Top-20 MCS chemical “keywords” characteristic of (a) natural products and (b) drugs.


In summary, we have extended the concepts of linguistic similarity to collections of molecules. The measures we propose provide alternative and complimentary means of assessing chemical diversity and also visualizing it (cf. Fig. 3) in ways that are not possible with traditional Tanimoto-based approaches. This being said, we see the main value of our chemical-linguistic approach in annotating chemical collections with characteristic “keywords” by which such collections can be then searched/navigated, akin to searches of web documents/texts. In the business of small molecule libraries, chemical keywords could be used to discern sets of molecules most resembling specific classes of drugs. If additional, higher-order linguistic considerations – e.g., collocations of words “travelling together” or “avoiding each other” during chemical reactions – were taken into account, they could provide more information not only about characteristic structural features but also characteristic reactivity patterns32,33. In all such analyses, the “rate-determining” step is the extraction of vocabularies characterizing a given collection of molecules (entailing large numbers of molecule-to-molecule comparisons; e.g., 2.5 billion for a typical34 molecular library of ~100,000 compounds).
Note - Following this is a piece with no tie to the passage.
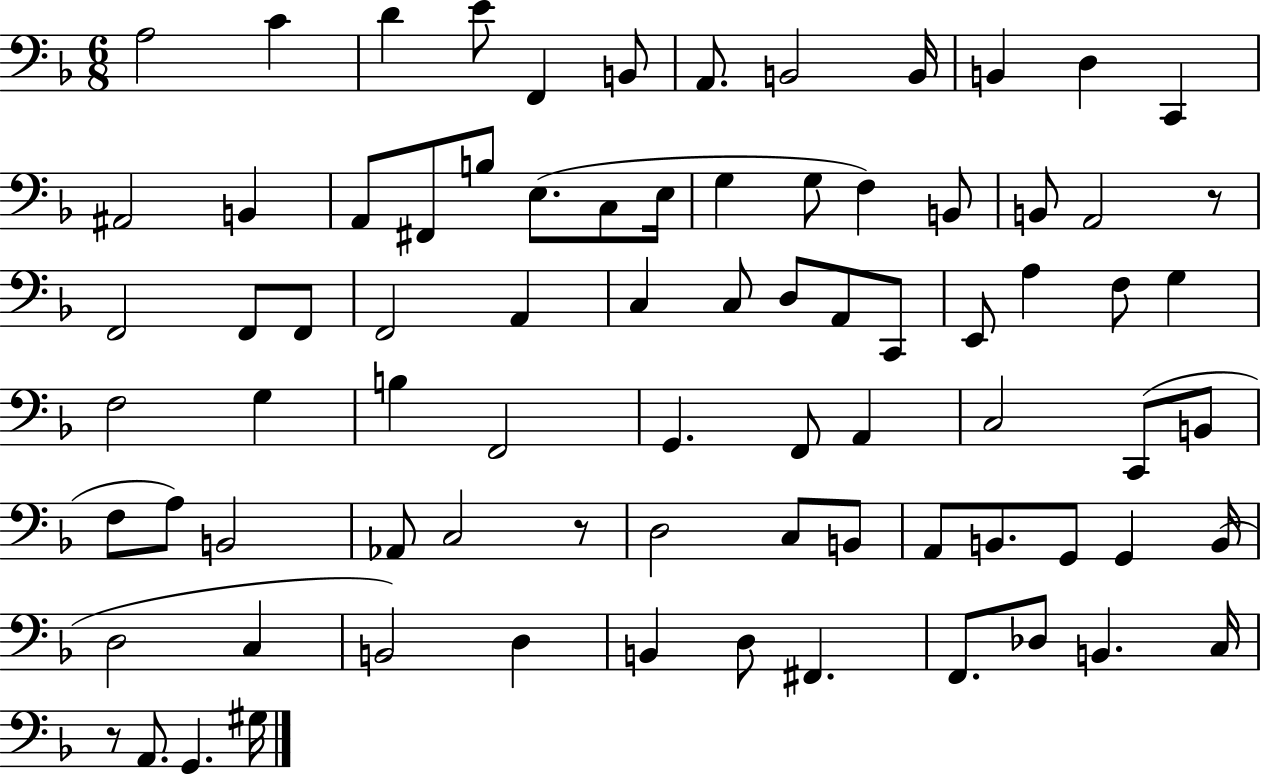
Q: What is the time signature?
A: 6/8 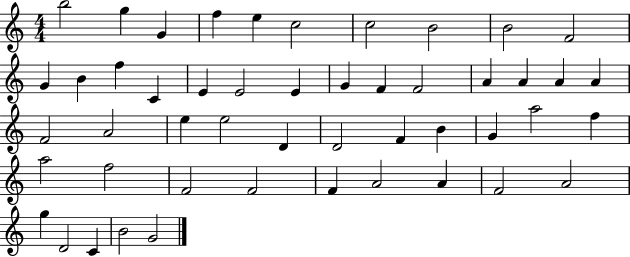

Such calculations, however, can be accelerated by extrapolations based on the Heap’s law and are performed only once for a given set, and with modern computing resources can be completed within hours to days – all subsequent “keyword” comparisons/searches can then follow on much shorter time-scales.

Data availability

Data, including vocabularies of MCS words, and computer codes that support the findings of this study are available from the corresponding author upon request.